_Goal of the exercise_: Output all entries exactly as they appear and skip the pictures.

☆ ☆ ☆ ☆ ☆

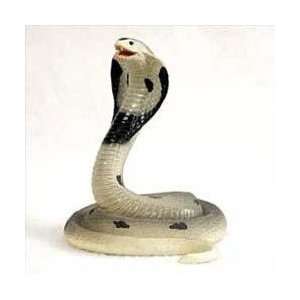  COBRA Indian King Cobra SNAKE ready to strike Figurine New 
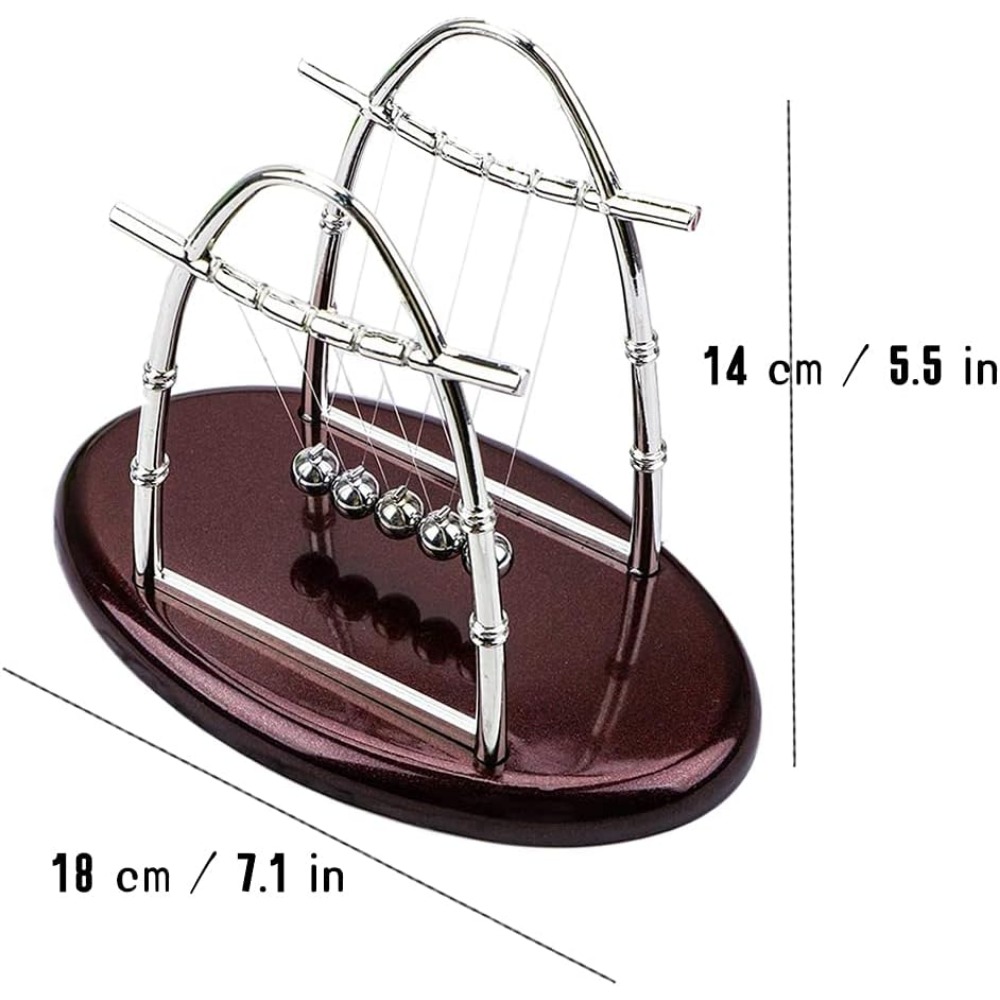 ニュートンゆりかごバランス鋼球永久運動衝突ボール学校教育物理 - Newton Cradle Large のレビューと価格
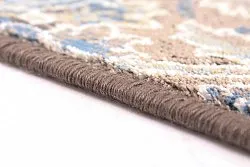 Wilton-teppe - Sanandaj (blå-beige)
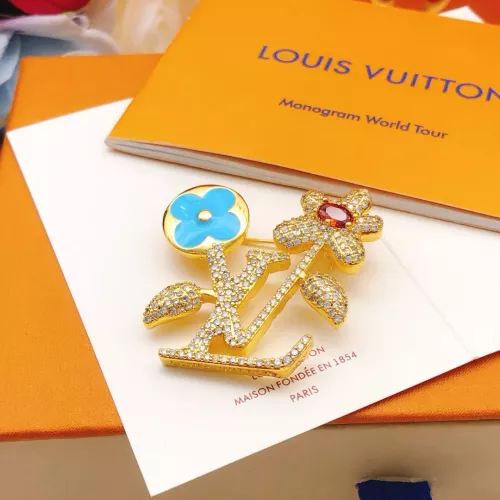 Wholesale Louis Vuitton LV Brooches For Women #1351813 $38.00 USD, Wholesale Quality Replica Louis Vuitton LV Brooches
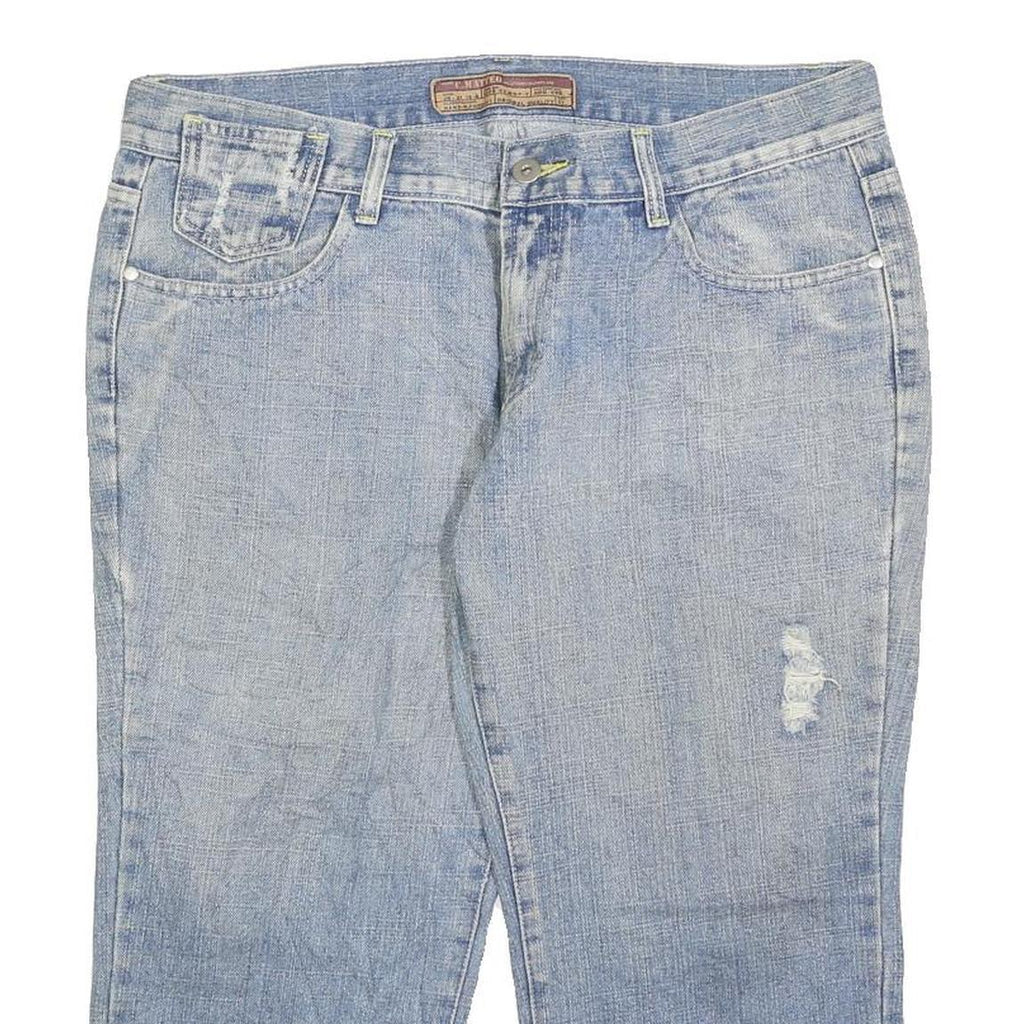 C MATTEO Mens Shorts Blue Denim XL W38 Distressed Casual Cotton Blend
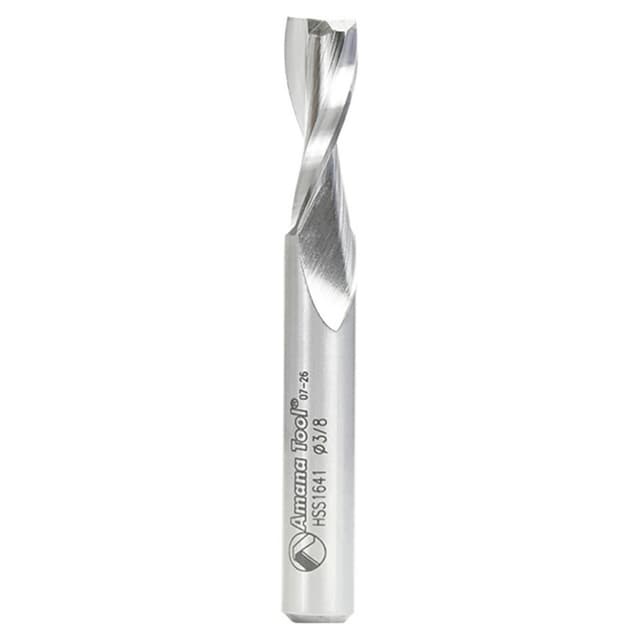 3/8" x 3" Aluminum Cutting Up-Cut Spiral Router Bit, 2-Flute, 3/8" Shank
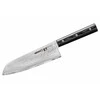 Samura DAMASCUS 67 Universalus virtuvinis peilis Santoku 7,0"/175 mm iš AUS 10 Damasko plieno 61 HRC (67 sluoksniai)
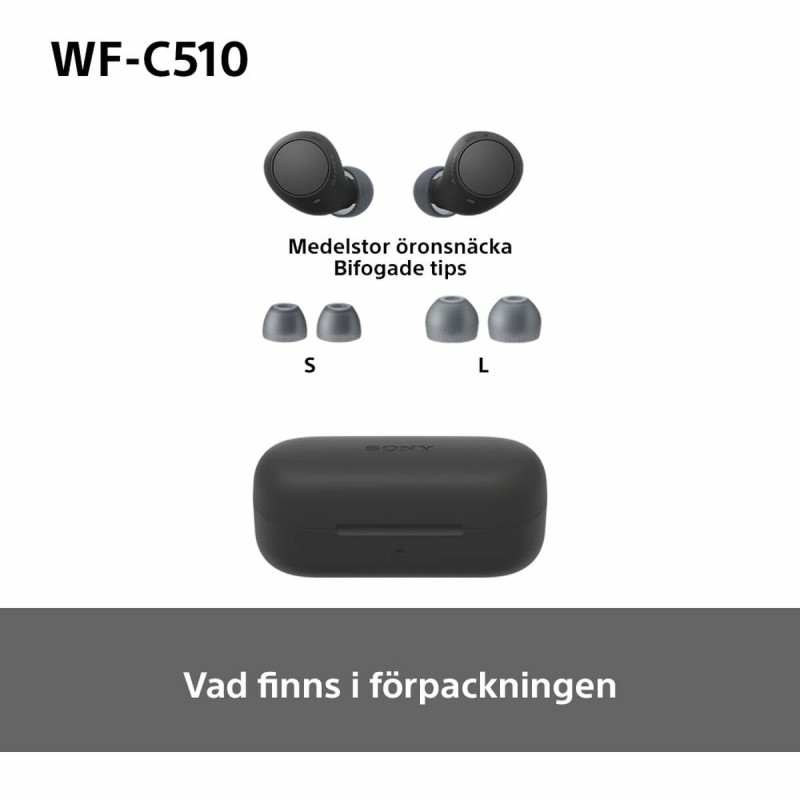 Wireless Earphones with Charging Case Sony WF-C510 Black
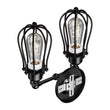Load image into Gallery viewer, Steel Birdcage Wall Sconce Lighting Fixtures, Matte Black Finish, E26 Base, UL Listed, 3 Years Warranty - LEDMyPlace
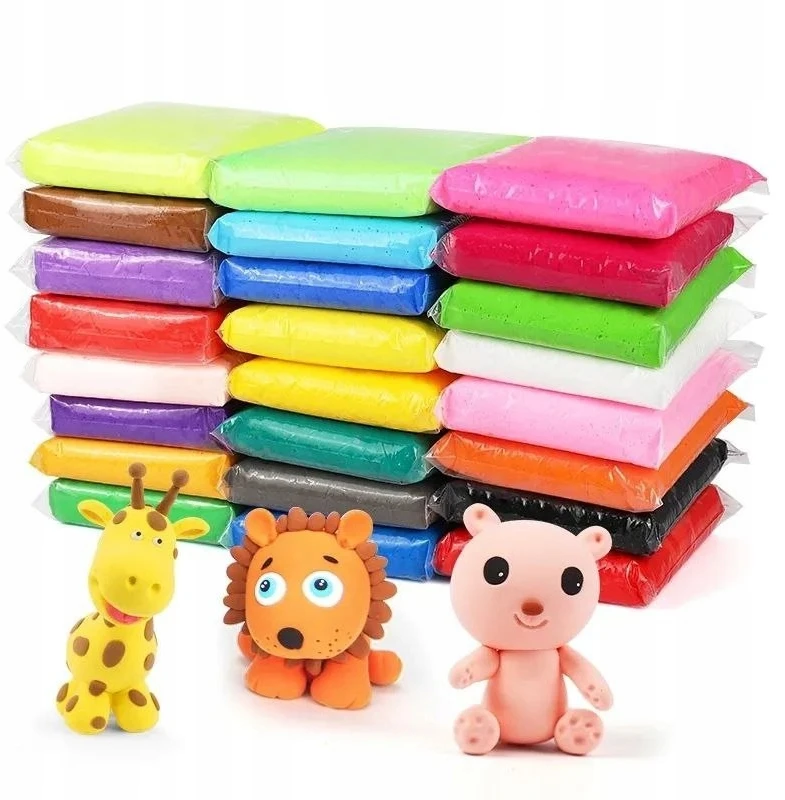 Bigtoys Molio putplastis 24 spalvų Sensory Play tešlos vaikams rinkinys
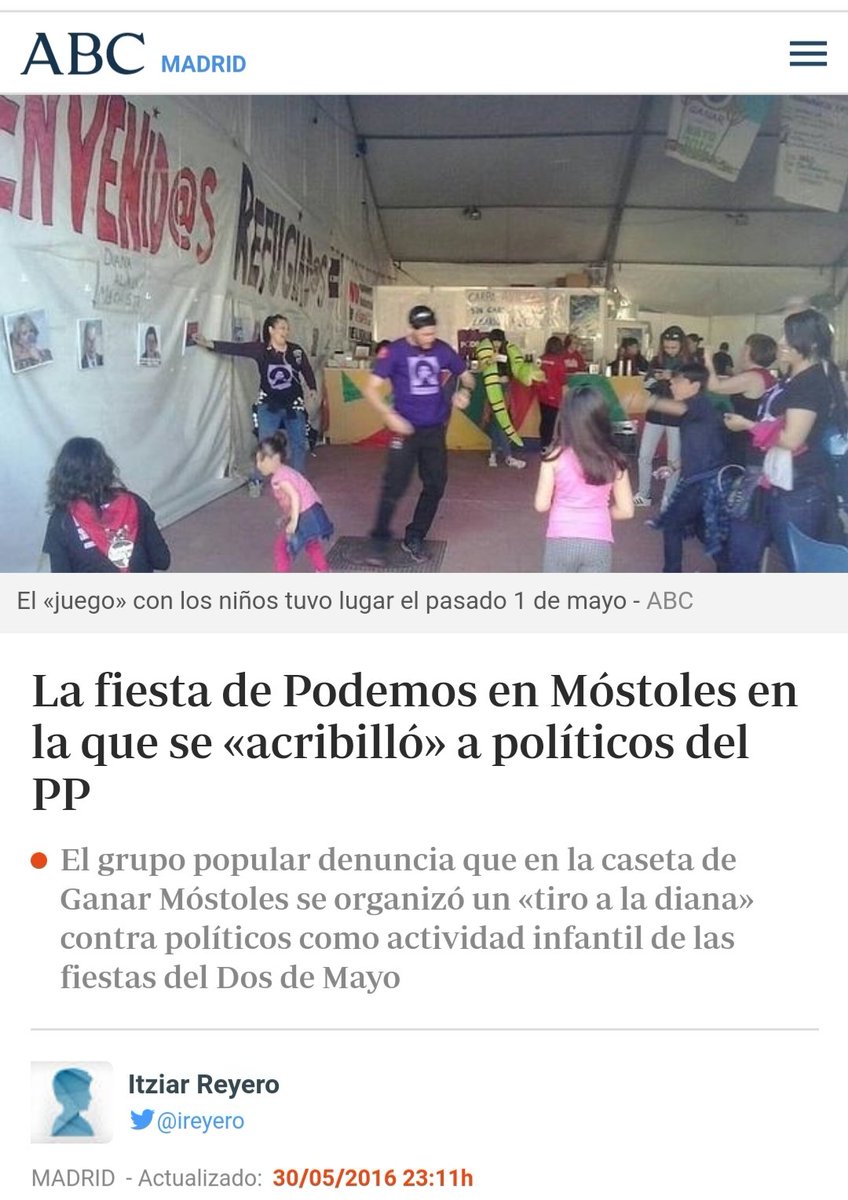Santi_ABASCAL's tweet photo. Dirigentes del PSOE y de Podemos escenifican la decapitación de Rajoy  y enseñan a niños a acribillar a otros políticos.

¿Dónde están las condenas? 
¿Dónde están los detenidos?

Nosotros sí condenamos toda la violencia y todas las amenazas.

Siempre. Ellos depende... https://t.co/BPR0tsZWbD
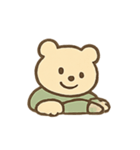 やわらかクマのグリーンスタイル（個別スタンプ：5）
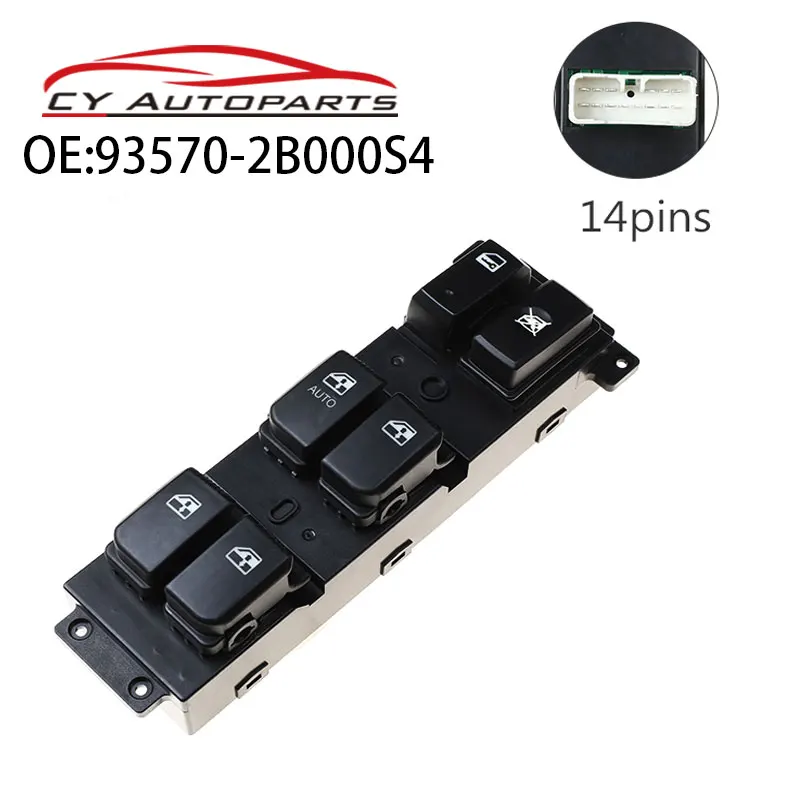 

Новый переключатель стеклоподъемника для Hyundai Santa Fe CM 2007-2011, 93570-2B000S4, 935702B000S4, 93570-2B030S4/83570-2B70054/371491-110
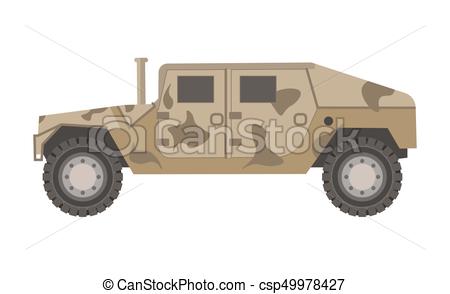 450x294 Armored Military Vehicle With Camouflage Corpus Color, Vector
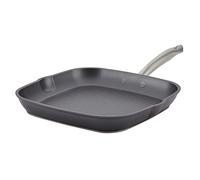 Anolon Accolade Forged Hard Anodized Nonstick Square Grill Pan/Griddle with Spouts, 11 Inch - Moonstone Gray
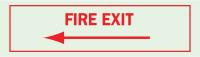 1NL52 Fire Exit Sign, 3-1/2 x 10In, R/GRN, ENG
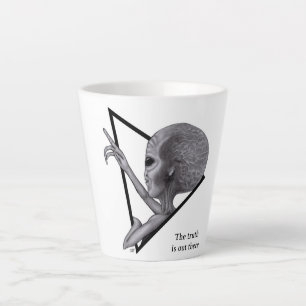 Grey Alien, the truth is out there Latte Mug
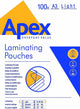 Fellowes apex film de plastification a3 service moyen 100pk 125micronmm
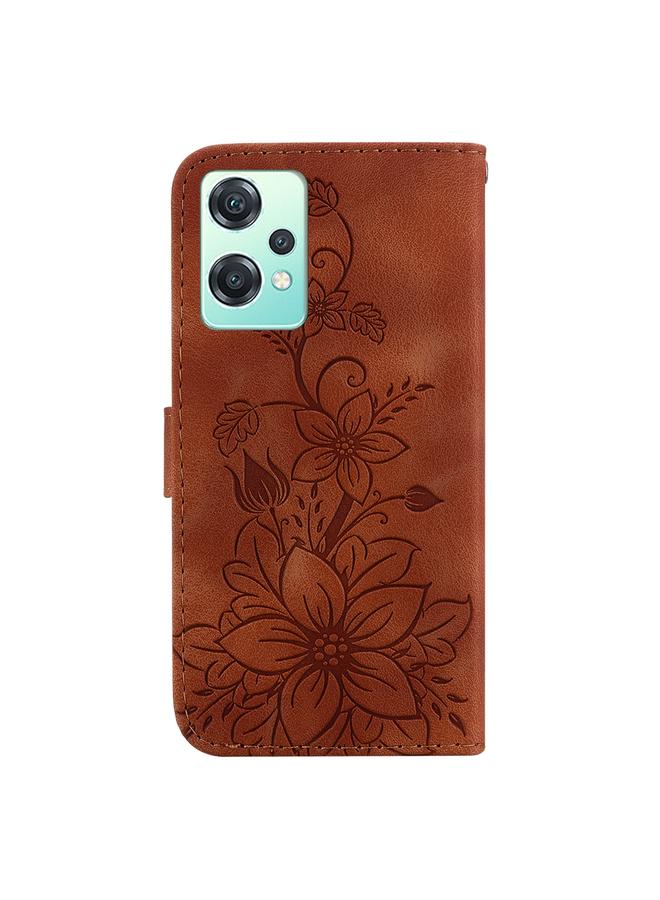 erorex Case For OnePlus Nord CE 2 Lite 5G Lily Embossed Leather Phone Case  - Image 3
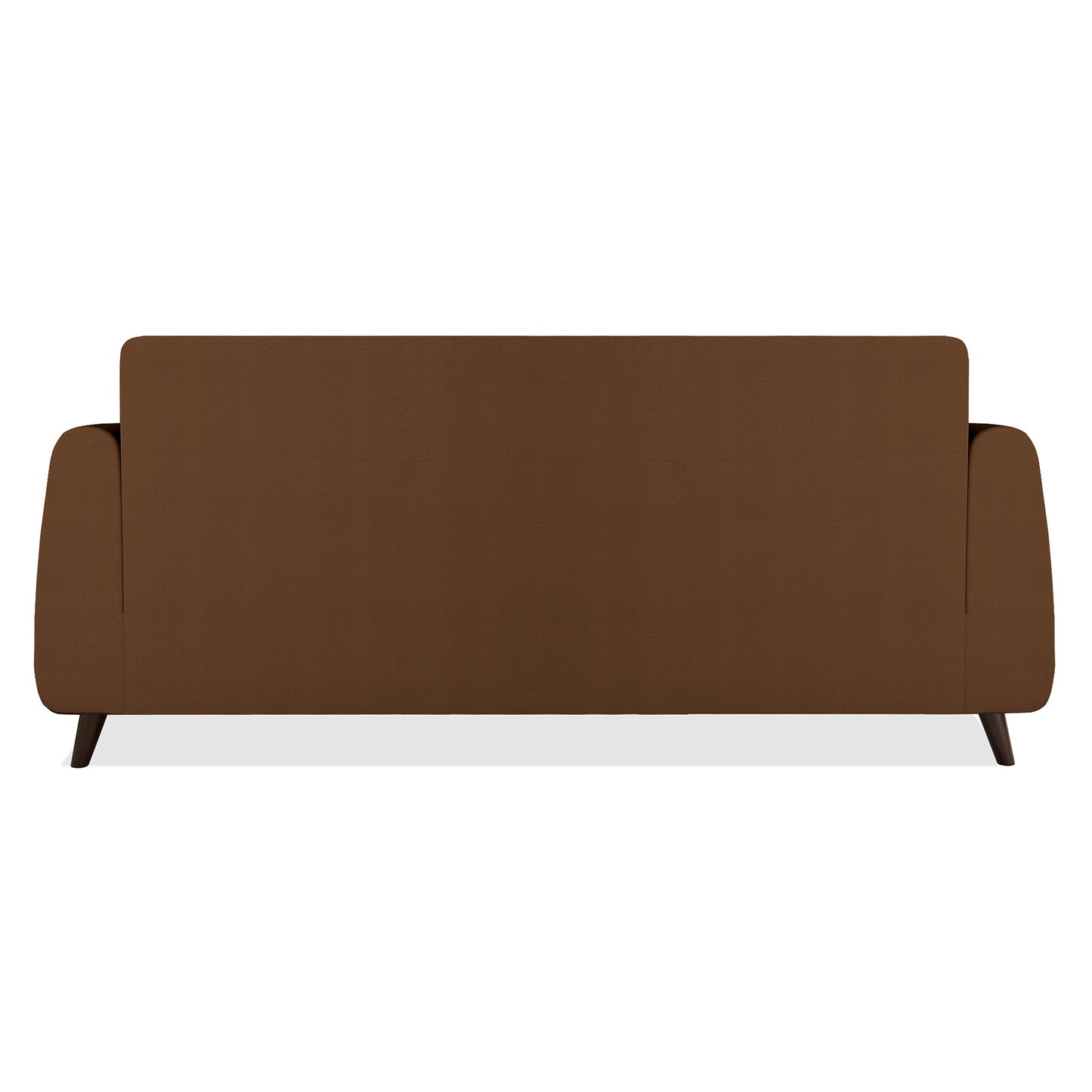 Adorn India Harlem 3 Seater Sofa (Brown)(3 Year Warranty)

☆ ☆ ☆ ☆ ☆

_Output for this task_:
  COBRA Indian King Cobra SNAKE ready to strike Figurine New 
 ニュートンゆりかごバランス鋼球永久運動衝突ボール学校教育物理 - Newton Cradle Large のレビューと価格
 Wilton-teppe - Sanandaj (blå-beige)
 Wholesale Louis Vuitton LV Brooches For Women #1351813 $38.00 USD, Wholesale Quality Replica Louis Vuitton LV Brooches
 C MATTEO Mens Shorts Blue Denim XL W38 Distressed Casual Cotton Blend
 3/8" x 3" Aluminum Cutting Up-Cut Spiral Router Bit, 2-Flute, 3/8" Shank
 Samura DAMASCUS 67 Universalus virtuvinis peilis Santoku 7,0"/175 mm iš AUS 10 Damasko plieno 61 HRC (67 sluoksniai)
 Wireless Earphones with Charging Case Sony WF-C510 Black
Load image into Gallery viewer, Steel Birdcage Wall Sconce Lighting Fixtures, Matte Black Finish, E26 Base, UL Listed, 3 Years Warranty - LEDMyPlace
 Bigtoys Molio putplastis 24 spalvų Sensory Play tešlos vaikams rinkinys
Santi_ABASCAL's tweet photo. Dirigentes del PSOE y de Podemos escenifican la decapitación de Rajoy  y enseñan a niños a acribillar a otros políticos.

¿Dónde están las condenas? 
¿Dónde están los detenidos?

Nosotros sí condenamos toda la violencia y todas las amenazas.

Siempre. Ellos depende... https://t.co/BPR0tsZWbD
 やわらかクマのグリーンスタイル（個別スタンプ：5）

Новый переключатель стеклоподъемника для Hyundai Santa Fe CM 2007-2011, 93570-2B000S4, 935702B000S4, 93570-2B030S4/83570-2B70054/371491-110
 450x294 Armored Military Vehicle With Camouflage Corpus Color, Vector
 Anolon Accolade Forged Hard Anodized Nonstick Square Grill Pan/Griddle with Spouts, 11 Inch - Moonstone Gray
 1NL52 Fire Exit Sign, 3-1/2 x 10In, R/GRN, ENG
 Grey Alien, the truth is out there Latte Mug
 Fellowes apex film de plastification a3 service moyen 100pk 125micronmm
 erorex Case For OnePlus Nord CE 2 Lite 5G Lily Embossed Leather Phone Case  - Image 3
 Adorn India Harlem 3 Seater Sofa (Brown)(3 Year Warranty)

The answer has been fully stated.